Lawrence Herbert’s Pantone doesn’t sell ink. It sells agreement—a dictionary of hues that the modern world must now consult like scripture. And once a standard becomes indispensable, it becomes profitable. That’s not villainy; it’s the gravity of the system we built.

And perhaps all of this was inevitable. A global economy needs ledgers, precision, reproducibility. Pantone gave the world a language to avoid costly mistakes, and in that narrow sense, it was necessary. But inevitability isn’t innocence. Tools can clarify, but they also centralize. Standards can serve, but they can also extract. You can use the ledger without bowing to it—and you should keep a steady eye on how easily a helpful system becomes a tollbooth.

History offers its own parable. In the old days, con men “sold” the Brooklyn Bridge to hopeful newcomers. A crude swindle. Now the trick is subtler. Whether or not Pantone has ever issued an official code for that weathered granite hue, someone somewhere has tried to name it, number it, and fold it into a fan deck. The bridge once changed hands by fraud; today, its very color could be commodified—leased as a swatch, packaged as intellectual property. Same impulse, cleaner paperwork.

The old Brooklyn Bridge con lives on—updated for the subscription era.
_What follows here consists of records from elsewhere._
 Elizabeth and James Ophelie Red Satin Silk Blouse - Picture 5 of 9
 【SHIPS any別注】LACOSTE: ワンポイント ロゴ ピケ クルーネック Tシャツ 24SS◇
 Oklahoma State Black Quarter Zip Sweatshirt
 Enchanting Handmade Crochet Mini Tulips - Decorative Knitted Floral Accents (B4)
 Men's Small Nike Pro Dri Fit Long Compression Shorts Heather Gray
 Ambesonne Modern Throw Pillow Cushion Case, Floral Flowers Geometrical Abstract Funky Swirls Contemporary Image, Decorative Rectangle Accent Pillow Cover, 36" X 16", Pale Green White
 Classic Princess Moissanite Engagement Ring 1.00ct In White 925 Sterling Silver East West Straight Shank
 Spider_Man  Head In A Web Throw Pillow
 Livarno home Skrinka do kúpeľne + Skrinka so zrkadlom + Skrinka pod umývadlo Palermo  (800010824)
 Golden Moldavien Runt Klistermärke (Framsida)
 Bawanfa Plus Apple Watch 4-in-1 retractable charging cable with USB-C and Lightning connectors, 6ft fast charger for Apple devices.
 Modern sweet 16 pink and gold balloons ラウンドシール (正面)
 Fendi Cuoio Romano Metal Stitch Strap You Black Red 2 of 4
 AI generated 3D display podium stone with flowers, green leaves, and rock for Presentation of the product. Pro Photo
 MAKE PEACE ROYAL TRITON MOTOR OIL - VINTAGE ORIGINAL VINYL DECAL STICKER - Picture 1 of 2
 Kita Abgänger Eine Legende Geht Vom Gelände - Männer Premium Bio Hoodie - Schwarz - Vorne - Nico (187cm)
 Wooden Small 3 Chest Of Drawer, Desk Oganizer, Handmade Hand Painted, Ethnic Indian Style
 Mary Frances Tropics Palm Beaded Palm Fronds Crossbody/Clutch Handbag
That’s capitalism’s quiet genius: it finds a way to turn even the commons into rentable terrain. Nothing wrong with recognizing its necessity. But don’t mistake necessity for natural law. And don’t ever think you’re buying the bridge when all you’re holding is its color code.

The old Brooklyn Bridge con didn’t disappear — it just upgraded to a color license. Pure speculation, but the century makes it look plausible.